Isabella of Lennox (died 1458) was the ruler of Lennox, at least from 1437 to 1458, and last in the line of Mormaers or native Scottish rulers. As the wife of Murdoch Stewart, 2nd Duke of Albany (died 1425), she was also Duchess of Albany (1420–1425), but in 1425 her family would be almost completely destroyed when her husband, father and two sons were executed by King James I of Scotland because of their rebellion. Only one son, James the Fat, would escape their family's punishment, and he would die in exile in Ireland. Isabella succeeded in escaping the fate of her family, and would eventually regain her title and estates, retiring to her castle in Loch Lomond where she raised her grandchildren. She would eventually live to see the assassination of her family's opponent, King James. Though none of her four sons survived her, her grandson Andrew Stewart, 1st Lord Avandale, became Lord Chancellor of Scotland.

==Early life==

Isabella was the daughter of Donnchadh, Earl of Lennox and Helena, the daughter of Sir Archibald Campbell. Her father Duncan sought to create powerful links with the great Robert Stewart, 1st Duke of Albany, who was the second son of King Robert II by his first wife Elizabeth Mure of Rowallan, and who was to a certain extent the de facto ruler of Scotland, at points during the reigns of his father and elder brother. In 1392, Duncan agreed to marry Isabella to Robert's son, Murdoch Stewart.

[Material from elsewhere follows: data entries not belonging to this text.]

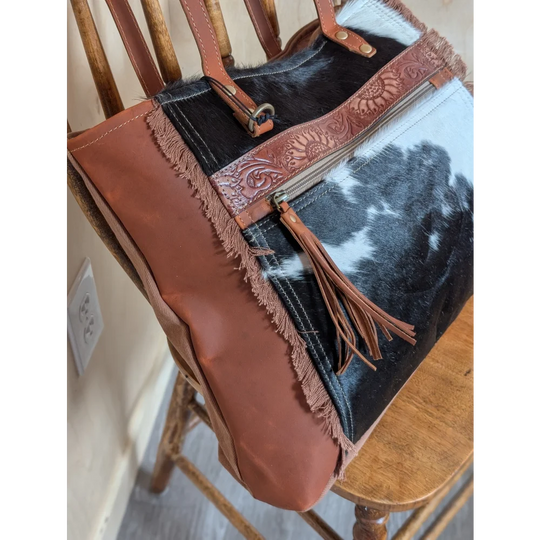 Rustic oakley bag with patchwork black and white real cowhide and spacious tan leather straps and embossed zippers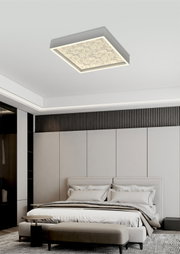 Moderne vierkante led-plafondlamp met decoratief patroon, van onderaf gezien, gemonteerd in een stijlvolle slaapkamer.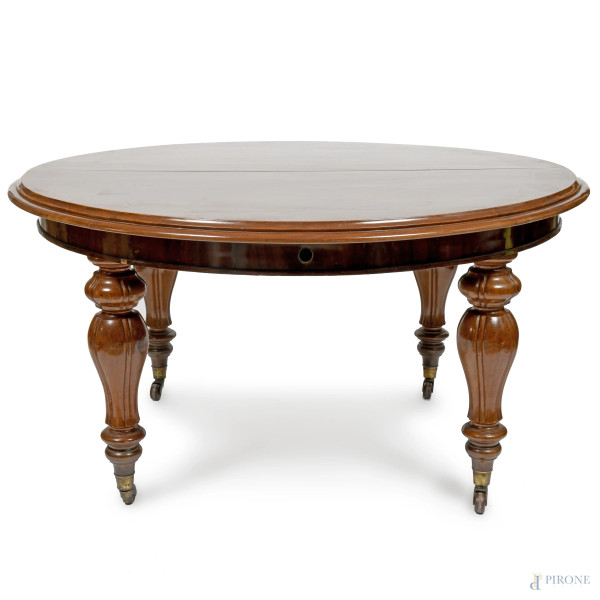 Tavolo in mogano allungabile con piano circolare poggiante su gambe tornite con rotelle. Corredato da prolunga di cm 53. XIX secolo, cm 79x150; aperto cm 79x203, (segni di usura, scalfiture, graffi, difetti)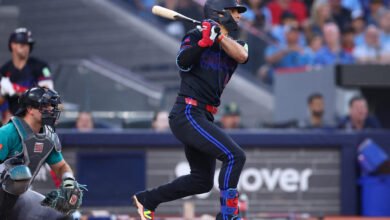 Andrés Giménez completa un swing con el bate en el home plate. El pelotero lleva el uniforme alternativo oscuro de los Toronto Blue Jays, con detalles en azul brillante y rojo, mientras el catcher de los Seattle Mariners sigue la jugada.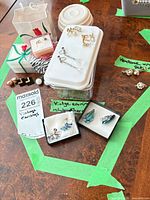 Overview of lot with multiple boxed earring pairs and Vendome set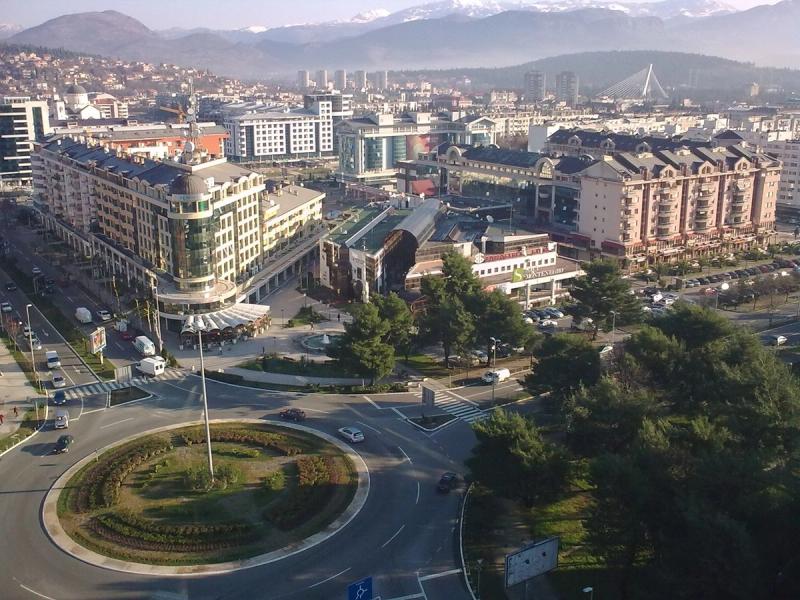 A panoramic view of downtown Podgorica, Montenegro, with the Millennium Bridge spanning the Morača River under a clear sky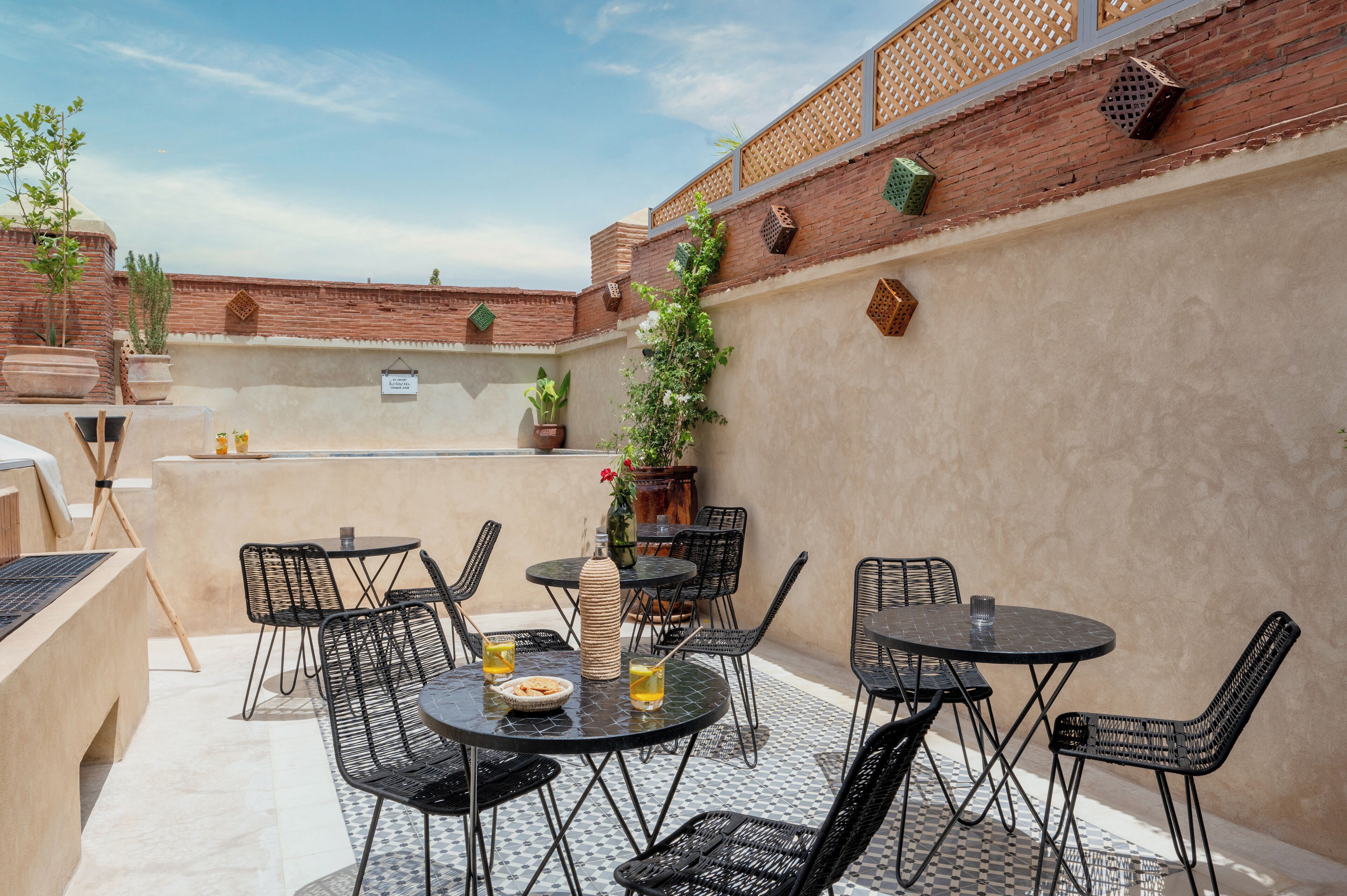 An outdoor patio with round tables and black metal chairs, surrounded by potted plants and a brick wall.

Murdoch and Isabella did marry, and had at least five children:

- Robert (died 1421)
- Walter (died 1425)
- Alasdair (died 1425)
- James/Seamas Mòr (died 1429; some sources say 1449)
- Isabel, who married Sir Walter Buchanan, 13th Laird of Buchanan

==Trial of 1425==

Disaster struck Isabella's family when her husband, father, and sons Walter and Alasdair were tried for treason after her other son, James the Fat, raised a rebellion against the king, marched on Dumbarton, burned it, and killed the keeper of the royal castle there, Sir John Stewart of Dundonald, who was the King's uncle, along with the castle garrison. This led a jury composed of 21 knights and Peers to find her husband and two sons guilty of treason for which they were executed. James the Fat escaped the King's justice in 1425, escaping to Antrim, Ireland, where he would spend the rest of his life in exile. Isabella and her daughter survived the results of the rebellion by the Albany Stewarts, which almost obliterated her family, but she was forced to spend eight years as a royal hostage at Tantallon Castle. James died in 1429, prior to an abortive attempt to once again try to steal the throne of Scotland. Confusingly, some sources give his date of death as 1449. 1429 is the most common date given.

==Death of James I==

Isabella lived to see James I of Scotland assassinated in February 1437 in a failed coup by his kinsman and former ally Walter Stewart, Earl of Atholl. Walter Stewart, who had been on the jury that condemned her husband to death for treason also suffered a gruesome death soon afterward. He and his co-conspirators against the King were attainted and put to death in Edinburgh by a series of tortures for regicide.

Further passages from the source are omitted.